Нет, я не совсем наивная, я понимаю все. Но не думала, что чувствовать его будет столь волнительно. И точно не думала, что оно будет столь большим.

Он находит мои губы, целует сначала мягко, как в первый раз, но стоит мне простонать ему в рот, как все меняется. Теперь во мне его язык, требовательно заявляющий права, вынуждающий отвечать ему с такой же силой.

— Простите, — отвлекает нас какая-то женщина. И я вижу ее сквозь пелену флера и похоти. — Тут вообще-то гуляют дети, а вы занимаетесь непотребством.

Ник только усмехается и уводит меня обратно на дорожку, пока женщина с детьми продолжает кричать нам вслед.

— Неудобно вышло. Наверное, не стоило мне позволять тебе…

— Это ты на меня накинулась.

— Что? Да я даже не ожидала.

— Вот так и попадают в женские ловушки, — продолжает он усмехаться, и я хочу ударить его в плечо, а он только поднимает меня на руки и кружит. — И вообще, она просто тебе завидовала.

— Потому что я с тобой?

— Кроме того ты молода и красива. На твое место хочет каждая. Особенно когда у нее пара обуз на шее.

— Обуз? Это ты про детей?

— Про них.

— Дети от любимого человека — это прекрасно. У моей матери трое, и она безумно их любит.
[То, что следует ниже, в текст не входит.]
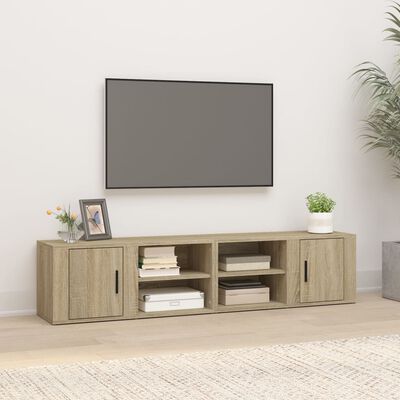 vidaXL TV skříňky 2 ks dub sonoma 80 x 31,5 x 36 cm kompozitní dřevo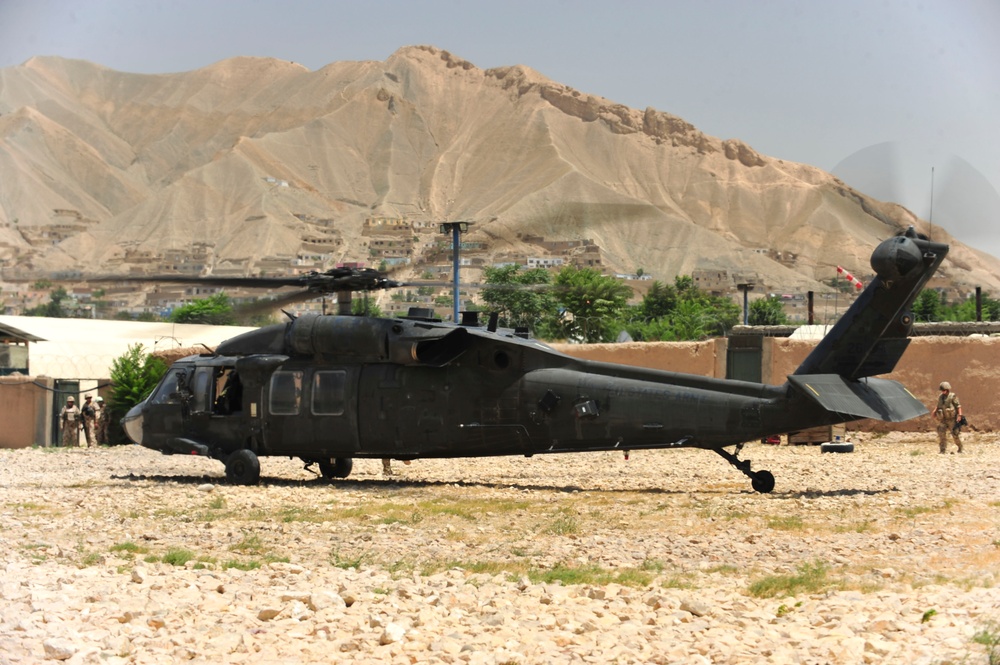 Black Hawk from 1st Air Cavalry Brigade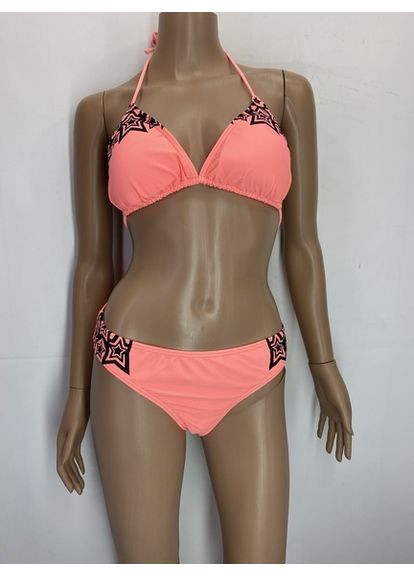 Помаранчевий літній купальник роздільний Bpc Роздільний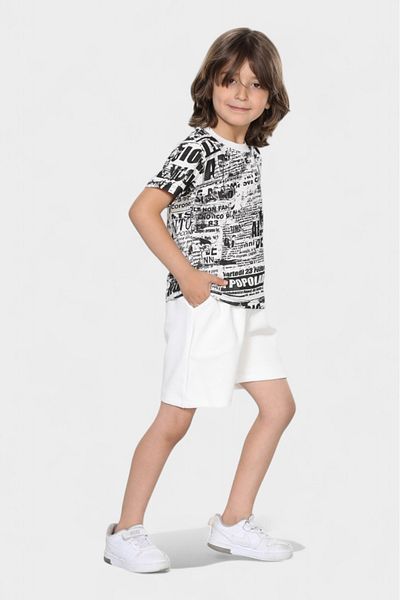 pour la riviere Organic Cotton Combed Cotton Shorts for Boys Aged 1-6 Years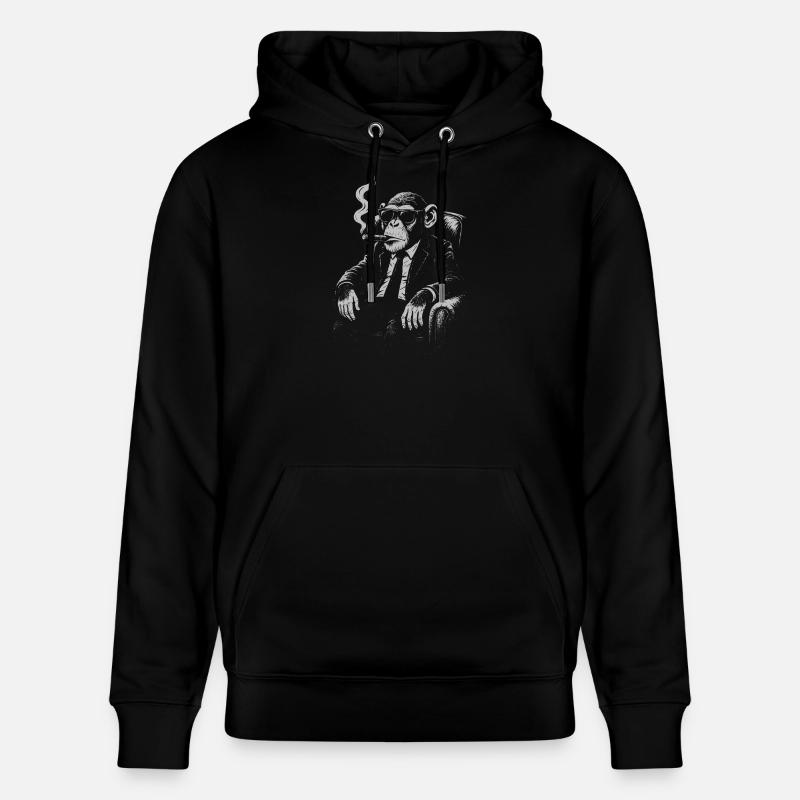 Cigare Singe En Costume - Sweat à capuche bio CRUISER Stanley/Stella Unisexe - noir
— Она их любит, пока их отец любит ее. А потом…

— Что потом? — напрягаюсь. Мне интересно, что он имеет против детей. Лично я уже придумала имена нашим. Мальчик и девочка. Димитрий и Элеонора.

— А потом она начинает вымещать обиду на детях. Слушай. Темы какие-то у нас пошли. Может, нам лучше пообедать.

— Это серьезные темы, и мы к ним вернемся.

— На кого ты учишься?

— На учителя.

— А-а, ну все ясно. Тогда, конечно, вернемся. И ты меня научишь, как правильно думать про цветы этой жизни.

— А ты циничен. — Не обижайся. Не обижайся Настя. Он всего лишь судит со своей колокольни.

— Мне много лет, Малыш. В этом возрасте не циничны только аутисты.

Ладно, в конце концов, и недостатки у него должны быть.

— У меня мама не такая.

— Я рад, что ты тоже сохранишь свою чудесную веру в лучшее, — щелкает он меня по носу и подводит к своей новенькой машине. Открывает дверь. — Ну что? Едем обедать? Отмечать твою сдачу экзаменов, я полагаю. Ведь из-за меня ты осталась без праздника.